I hold in my hands the project briefs for my next year of uni, and I am excited. I love the potential that flows out of this moment. I love it that my mind is already freewheeling with a million different creative ideas, like those pieces of paper are a springboard or a starting piston that gives me the inspiration to run!

-Create a short animation (narrative or abstract and all points in between) that explores the theme of animating a joke.

-Produce a set of five thematically related, printed, image compositions… based around the theme of landscape, space and place.

-Produce an interactive web site for a company, product or service, real or imagined. Students will specify a brief as if it was issued by a client.

I’m not sure how I feel about the animation one, after all jokes often frustrate me with their lack of originality, but over-all I love the brevity of the briefs and therefore the space they give for interpretation and exploration.

Last year we had to make a portrait site about someone, so I turned this city into a person and made the site about her. I love taking a task and doing something unusual with it. I love creating web sites actually, so I’m looking forward to that one.

The issue of landscape is an interesting one. The module outline makes specific reference to the landscape tradition in British art, and there are definitely some excellent modern, abstract works using this as a reference point. Its definitely something I am looking forward to exploring photographically.


CSS Headaches

I am trying to teach myself CSS this summer and, it’s jolly hard. We were meant to have learnt it in seminars this year, and some people get it (or maybe they ‘got’ it before we even started), but I am finding myself getting a bit lost between elements, properties, attributes and tags. I’ve also been on the look out for a book that makes it all beautifully simple, but alas, I can’t seem to find one.

I understand that a CSS document tells the browser how a html page should look – for example properties such as position, sizing, colour and font.

I also think that I understand that, on a web page which has a number of tables (for example), if you wanted all the tables to be formatted the same, you’d use a class. For individual formatting within a particular table though, you’d use an id.

I’ve used ‘divs’ for content in the websites I’ve created up to now, but have stuck with AP ones before now (they don’t move around – so they’re simple to use but kinda clunky and inflexible). The div element is used to define sections in a html doc. CSS means these elements can be formatted independently. I get that much.

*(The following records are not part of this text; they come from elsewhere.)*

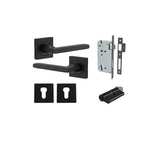 Baltimore Lever - Square Rose Entrance Kit with Separate High Security Lock - entrance set configuration (3 of 14)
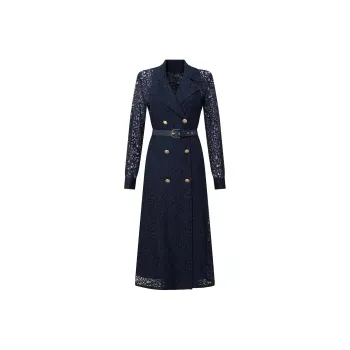 MaxMara Studio Coats Women's Blue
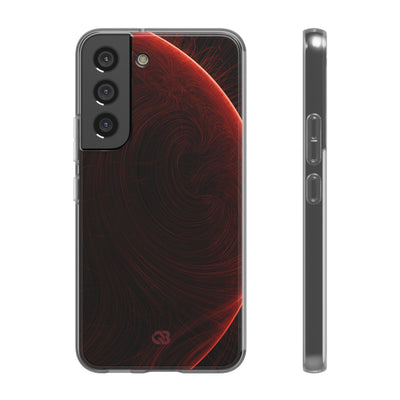 Red Lite Phone Case for Samsung - Crimson Flare Flux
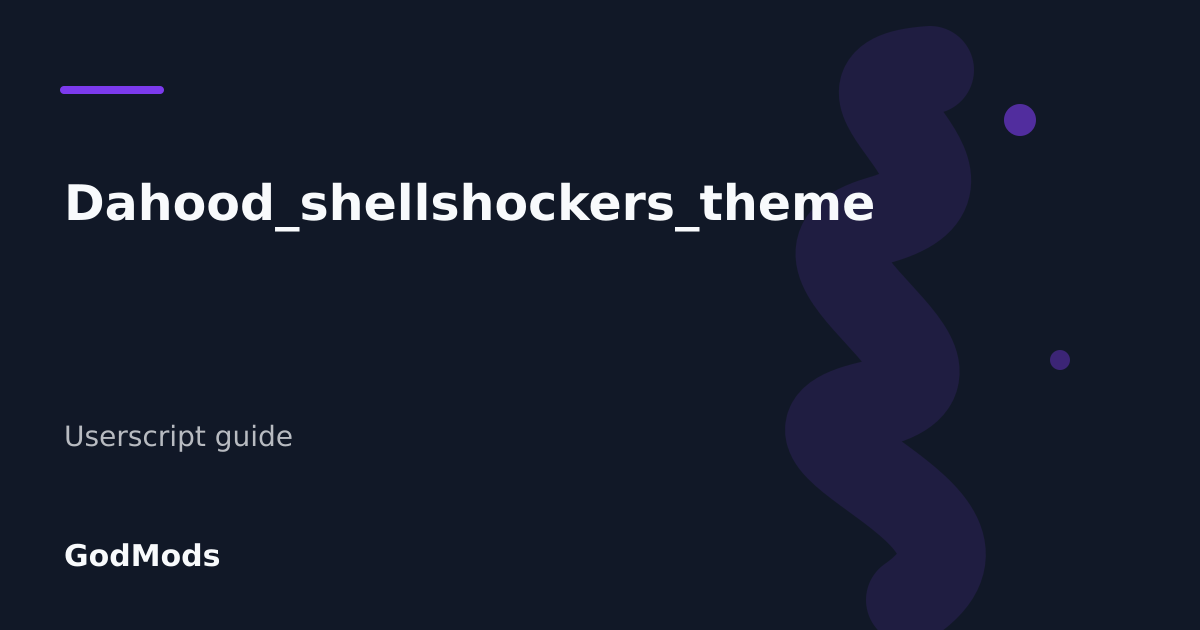 Editorial cover for Dahood_shellshockers_theme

Today I followed a youtube tutorial and typed in all the code manually and saved the CSS stylesheet, it actually worked, but its a long way round of doing it, and all that showed me how to do was to change the font colours and sizes etc. I feel like I’m missing a big chunk of something obvious. (Also, the tutorial was narrated by a 13 year old, which made me feel a little digitally-illiterate).

I have a book, but its kinda jargon-y… what I most need to work out is how to format divs using CSS, hmm… maybe I should read the whole book before worrying that I don’t understand it. It’s just frustrating because I’m sure it’s really obvious, and I feel a bit like I’m going two sides round a triangle. I’m just waiting for that eureka moment!